Between 2016 and 2018, Martina investigated different structures and relationships to fear, questioning how it is met—with aggression or empathy. Her photographs engage in an associative dialogue, examining their connections. A central sound piece complements the exhibition, weaving together themes of reenactment, contemporary narratives, and the irrationalities and absurdities of modern life.
Martina Hoogland Ivanow is an artist working primarily with photography and film, exploring the interplay between filtered light, sound, and image. After an acclaimed early career as an international photographer in New York, Paris, and London, she established her art practice in Stockholm in 2002, where she continues to live and work.
After many years working mainly with photography and filmmaking she has recently started to include more sculptural elements through multi-channel or directed sound, animation, and various forms of light montage. An interest in what is complex and contradictory in the life of the contemporary runs like a common thread through her work in which the process becomes an investigation into our often dualistic nature and how the self relates to the outside world. New works are usually inspired by the behavioural patterns that she perceives to dominate, such as; different processing around climate change or social and spatial impact through new technology. The structure is based upon non-linear associative documentation where much of the process circles around removing or altering information through the extremity and limitation of the specific technique.
Her most recent work Second Nature (2021-24) I, II, III, Gyda and Signal-Absence Teaching Drum (2021) as well as Original-Play (2018-19) and Circular Wait (2010-14) all examine the irrational and often contradictory in human behaviour in relation to nature. Hoogland Ivanow has exhibited and shown at the Moderna Museet and Kulturhuset in Stockholm, Kunstlerhaus Bethanien, Berlin, The Hermes Foundation, New York and Rotterdam International Filmfestival among others.
Martina's newly published book, Shadow Works, Living the Dream, published by Livraison Books in 2025, presents a newly edited selection spanning thirty years of photography. The book includes images from her series Speedway (2002–05), Far Too Close (2002–07), Satellite (2009–10), Circular Wait (2010–14), Early Reading (2016–18) and Second Nature (2019–24). It also features fashion editorial work from 1994 to the early 2000s, originally published in Dazed and
Confused, 10 Magazine, The Face and Another.

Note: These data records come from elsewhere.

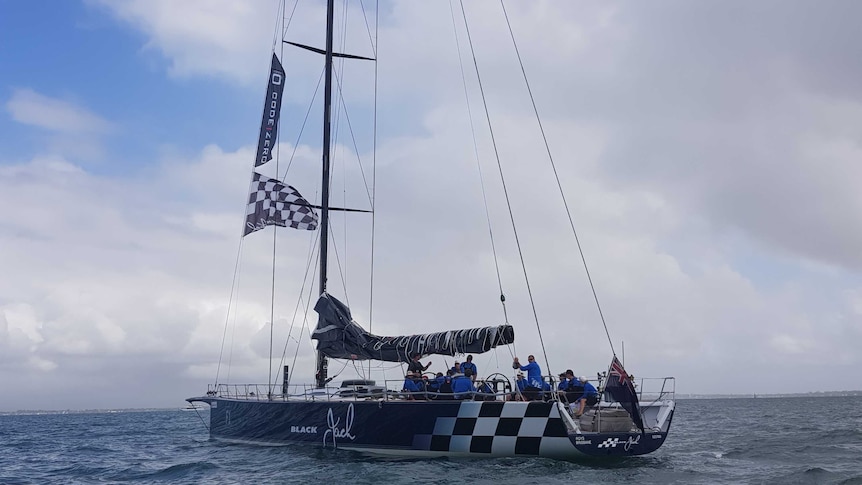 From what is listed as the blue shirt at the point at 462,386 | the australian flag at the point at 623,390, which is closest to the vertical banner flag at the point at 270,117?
the blue shirt at the point at 462,386

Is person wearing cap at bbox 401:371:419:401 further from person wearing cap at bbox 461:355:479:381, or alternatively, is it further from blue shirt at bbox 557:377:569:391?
blue shirt at bbox 557:377:569:391

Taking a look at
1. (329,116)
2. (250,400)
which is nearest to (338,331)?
(250,400)

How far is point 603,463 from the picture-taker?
521 inches

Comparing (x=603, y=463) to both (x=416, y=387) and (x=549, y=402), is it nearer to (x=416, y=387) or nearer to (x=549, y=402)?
(x=549, y=402)

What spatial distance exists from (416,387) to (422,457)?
1.55m

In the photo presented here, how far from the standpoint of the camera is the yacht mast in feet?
62.7

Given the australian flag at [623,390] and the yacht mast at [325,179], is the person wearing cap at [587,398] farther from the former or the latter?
the yacht mast at [325,179]

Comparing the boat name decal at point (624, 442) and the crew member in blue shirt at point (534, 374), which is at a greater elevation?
the crew member in blue shirt at point (534, 374)

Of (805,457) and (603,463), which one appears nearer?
(603,463)

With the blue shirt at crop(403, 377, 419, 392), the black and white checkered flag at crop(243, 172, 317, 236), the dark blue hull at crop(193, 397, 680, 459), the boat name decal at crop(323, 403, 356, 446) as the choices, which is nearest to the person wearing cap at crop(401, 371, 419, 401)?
the blue shirt at crop(403, 377, 419, 392)

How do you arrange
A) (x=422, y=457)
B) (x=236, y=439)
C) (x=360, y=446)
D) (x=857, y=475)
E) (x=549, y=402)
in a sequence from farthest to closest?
(x=236, y=439) → (x=360, y=446) → (x=422, y=457) → (x=549, y=402) → (x=857, y=475)

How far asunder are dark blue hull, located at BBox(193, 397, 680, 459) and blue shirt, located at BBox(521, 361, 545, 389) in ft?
3.81

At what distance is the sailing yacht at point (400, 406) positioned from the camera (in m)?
13.4

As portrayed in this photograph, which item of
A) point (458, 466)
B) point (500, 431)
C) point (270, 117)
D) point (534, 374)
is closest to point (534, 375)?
point (534, 374) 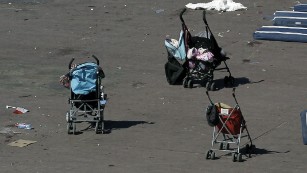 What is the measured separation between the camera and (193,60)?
24859 millimetres

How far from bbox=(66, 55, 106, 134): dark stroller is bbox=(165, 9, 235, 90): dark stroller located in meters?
3.63

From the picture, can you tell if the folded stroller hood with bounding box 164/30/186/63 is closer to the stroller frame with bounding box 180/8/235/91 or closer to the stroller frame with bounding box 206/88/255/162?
the stroller frame with bounding box 180/8/235/91

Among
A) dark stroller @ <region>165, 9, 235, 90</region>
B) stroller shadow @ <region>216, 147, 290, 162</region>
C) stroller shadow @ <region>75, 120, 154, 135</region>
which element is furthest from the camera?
dark stroller @ <region>165, 9, 235, 90</region>

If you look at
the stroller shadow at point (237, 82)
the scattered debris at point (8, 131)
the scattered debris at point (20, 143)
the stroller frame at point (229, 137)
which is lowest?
the scattered debris at point (8, 131)

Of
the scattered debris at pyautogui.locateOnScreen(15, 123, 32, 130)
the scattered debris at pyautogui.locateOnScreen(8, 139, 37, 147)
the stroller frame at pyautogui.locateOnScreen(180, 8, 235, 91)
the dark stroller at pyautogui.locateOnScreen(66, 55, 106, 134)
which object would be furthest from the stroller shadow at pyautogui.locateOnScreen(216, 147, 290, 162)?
the stroller frame at pyautogui.locateOnScreen(180, 8, 235, 91)

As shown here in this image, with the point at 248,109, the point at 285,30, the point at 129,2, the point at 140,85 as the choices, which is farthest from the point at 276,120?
the point at 129,2

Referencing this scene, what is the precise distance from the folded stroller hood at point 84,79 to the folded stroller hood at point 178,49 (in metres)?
3.58

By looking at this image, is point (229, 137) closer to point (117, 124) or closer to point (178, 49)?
point (117, 124)

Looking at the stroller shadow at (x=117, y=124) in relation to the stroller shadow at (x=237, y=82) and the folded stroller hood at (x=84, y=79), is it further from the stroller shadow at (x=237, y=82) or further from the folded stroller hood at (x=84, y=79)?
the stroller shadow at (x=237, y=82)

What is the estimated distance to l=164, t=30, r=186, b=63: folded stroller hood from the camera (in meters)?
24.9

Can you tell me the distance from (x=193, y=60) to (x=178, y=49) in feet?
1.57

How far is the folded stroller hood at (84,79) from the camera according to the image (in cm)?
2164

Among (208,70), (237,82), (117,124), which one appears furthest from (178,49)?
A: (117,124)

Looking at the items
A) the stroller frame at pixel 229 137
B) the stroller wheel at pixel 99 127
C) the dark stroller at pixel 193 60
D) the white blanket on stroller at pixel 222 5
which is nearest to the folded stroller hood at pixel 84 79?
the stroller wheel at pixel 99 127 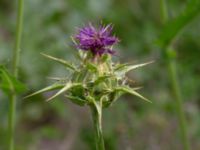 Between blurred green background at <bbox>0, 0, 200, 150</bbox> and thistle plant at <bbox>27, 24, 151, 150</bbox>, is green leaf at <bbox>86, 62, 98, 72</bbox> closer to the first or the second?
thistle plant at <bbox>27, 24, 151, 150</bbox>

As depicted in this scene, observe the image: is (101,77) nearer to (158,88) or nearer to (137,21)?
(158,88)

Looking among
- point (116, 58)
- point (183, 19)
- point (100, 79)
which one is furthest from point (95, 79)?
point (116, 58)

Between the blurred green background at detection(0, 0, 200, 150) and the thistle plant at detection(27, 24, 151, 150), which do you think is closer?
the thistle plant at detection(27, 24, 151, 150)

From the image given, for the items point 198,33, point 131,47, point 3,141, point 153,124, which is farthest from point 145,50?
point 3,141

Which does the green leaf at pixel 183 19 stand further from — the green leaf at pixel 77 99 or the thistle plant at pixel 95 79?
the green leaf at pixel 77 99

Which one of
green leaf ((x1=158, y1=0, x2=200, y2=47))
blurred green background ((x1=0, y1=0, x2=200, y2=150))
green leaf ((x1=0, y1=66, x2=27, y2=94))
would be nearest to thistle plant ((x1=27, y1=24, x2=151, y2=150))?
green leaf ((x1=0, y1=66, x2=27, y2=94))

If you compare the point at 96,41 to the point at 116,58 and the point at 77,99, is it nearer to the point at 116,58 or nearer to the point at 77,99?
the point at 77,99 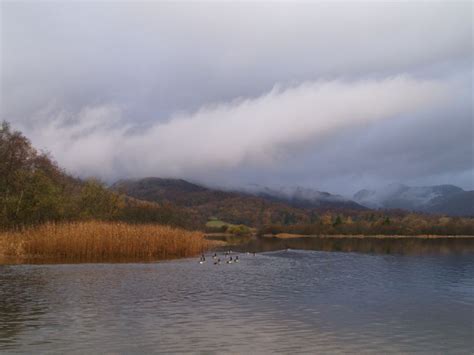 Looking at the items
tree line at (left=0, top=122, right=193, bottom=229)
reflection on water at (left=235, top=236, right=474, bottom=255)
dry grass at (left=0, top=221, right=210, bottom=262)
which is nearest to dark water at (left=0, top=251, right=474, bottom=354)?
dry grass at (left=0, top=221, right=210, bottom=262)

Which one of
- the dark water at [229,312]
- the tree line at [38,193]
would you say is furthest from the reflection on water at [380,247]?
the dark water at [229,312]

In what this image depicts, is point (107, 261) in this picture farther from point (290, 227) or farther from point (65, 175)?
point (290, 227)

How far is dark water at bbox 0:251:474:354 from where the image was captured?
15805mm

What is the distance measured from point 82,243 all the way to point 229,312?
95.2 ft

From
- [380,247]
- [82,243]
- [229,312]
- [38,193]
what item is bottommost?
[380,247]

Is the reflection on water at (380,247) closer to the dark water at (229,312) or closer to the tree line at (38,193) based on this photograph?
the tree line at (38,193)

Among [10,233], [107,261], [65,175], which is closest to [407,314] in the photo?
[107,261]

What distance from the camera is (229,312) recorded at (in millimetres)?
20781

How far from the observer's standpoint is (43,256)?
4544 centimetres

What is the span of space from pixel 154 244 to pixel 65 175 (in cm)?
3676

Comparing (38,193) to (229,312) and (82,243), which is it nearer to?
(82,243)

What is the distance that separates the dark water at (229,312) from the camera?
51.9 feet

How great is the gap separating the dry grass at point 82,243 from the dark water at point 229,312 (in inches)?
395

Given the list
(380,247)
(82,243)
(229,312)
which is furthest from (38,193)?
(380,247) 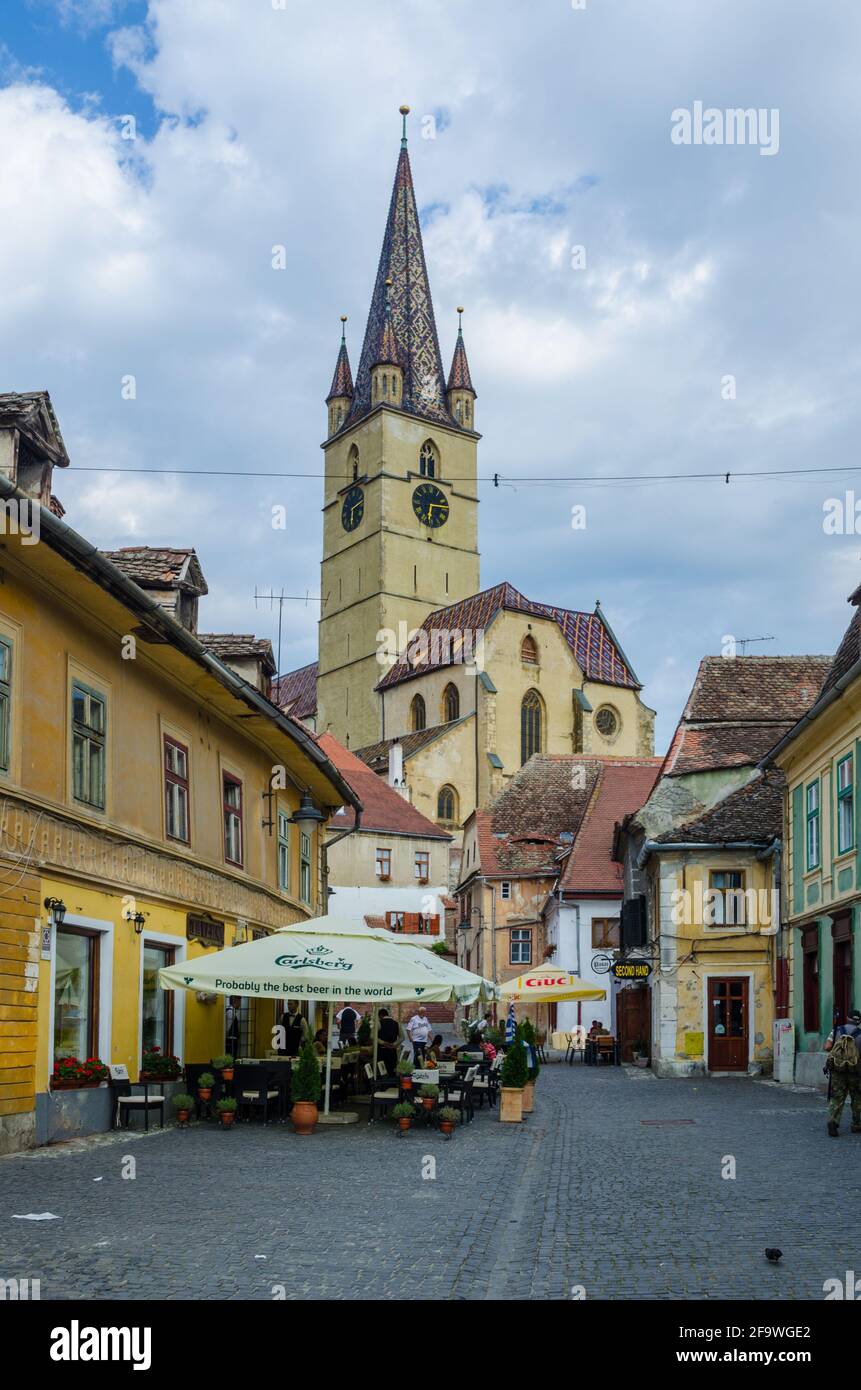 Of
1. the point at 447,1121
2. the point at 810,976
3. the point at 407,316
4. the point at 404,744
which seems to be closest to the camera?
the point at 447,1121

In recent work, Hoogland Ivanow has deconstructed documentary imagery, revisiting her extensive archive of negatives. This process led her to rediscover and rework past photographs, ultimately inspiring the creation of this book:
In today’s image-saturated world, we often take photography for granted, overlooking the poetic essence that the medium holds. The publication features 180 images printed on uncoated paper, with book design by Sandberg & Timonen and an extensive text by curator Grace Johnston, based on conversations with the artist between April and June 2024.